The Company currently uses a
one-month
LIBOR rate contract, which must be renewed monthly. As of December 31, 2019, the effective rate under the term loan agreement was 3.947%, which comprised the
one-month
LIBOR rate of 1.697% as of December 2, 2019, plus a margin of 2.25% based on the Company’s ratio of consolidated debt to consolidated EBITDA as of September 30, 2019. The Company intends to renew the LIBOR rate contract on a monthly basis as long as it remains the most favorable option. The Company has amended the term loan agreement to address possible LIBOR changes as discussed in the section entitled “Risk Factors” in its Annual Report on
Form 10-K
for the fiscal year ended September 30, 2019.

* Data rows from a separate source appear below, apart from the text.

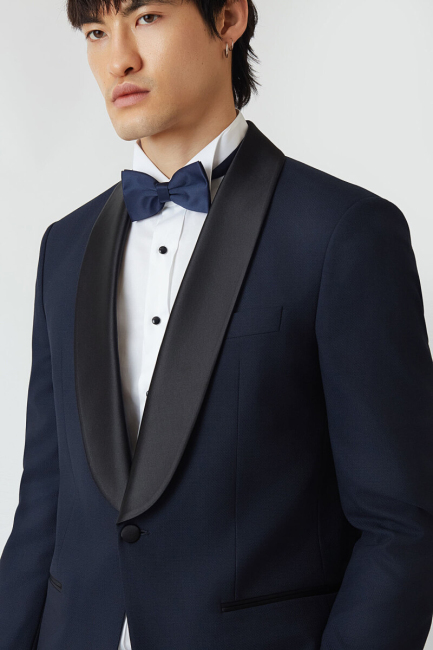 Regular Fit Şal Yaka Drop 6 Yırtmaçsız Lacivert Erkek Smokin Takım - 3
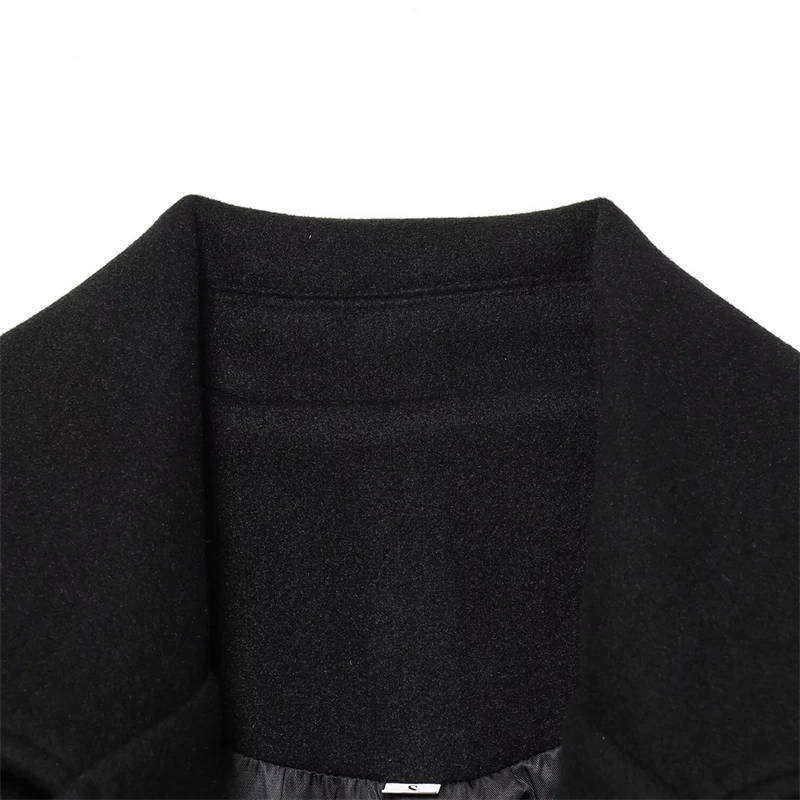 KEYANKETIAN الخريف والشتاء جديد المرأة البدلة طوق التعادل معطف طويل من الصوف المرأة يندبروف معطف طويل #3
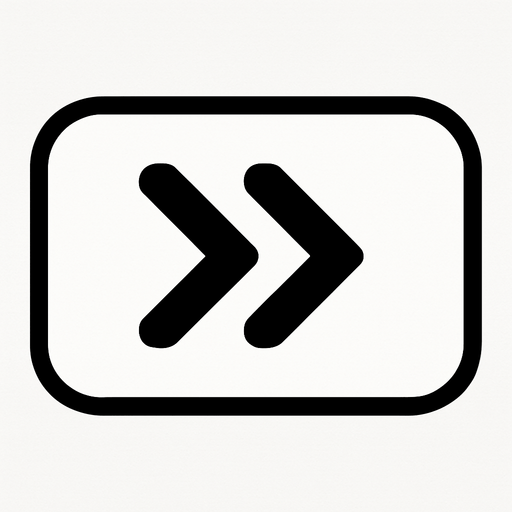 Un boton de color banco para delantar el juego de velocidad, dos felchas negras apuntando a la derecha..
In-Game asset.  2d.  High contrast.  No shadows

All borrowings under the term loan agreement are secured by substantially all of the Company’s assets. The final installment of the
then-outstanding
principal plus accrued interest is due May 9, 2022. As of December 31, 2019, the principal amount outstanding under the term loan agreement was $16.4 million ($16.3 million net of debt issuance costs).
The term loan agreement includes certain reporting requirements and loan covenants requiring the maintenance of certain financial ratios. The Company was in compliance with its loan covenants for the periods ended December 31, 2019 and 2018.
In connection with securing the term loan agreement, the Company incurred $0.49 million in loan costs ($0.38 million of which has been expensed in previous periods). The balance of $0.11 million is being amortized on a straight-line basis, which approximates the effective interest basis, over the 36 months beginning May 2019. Amortization expense during the three months ended December 31, 2019 and 2018, was $0.01 million and $0.04 million, respectively. The unamortized balance of the loan fees was $0.11 million as of December 31, 2019.
In accordance with Accounting Standards Update
(“ASU”) 
2015-03,
the amortization expense of the debt issuance cost is included in interest expense.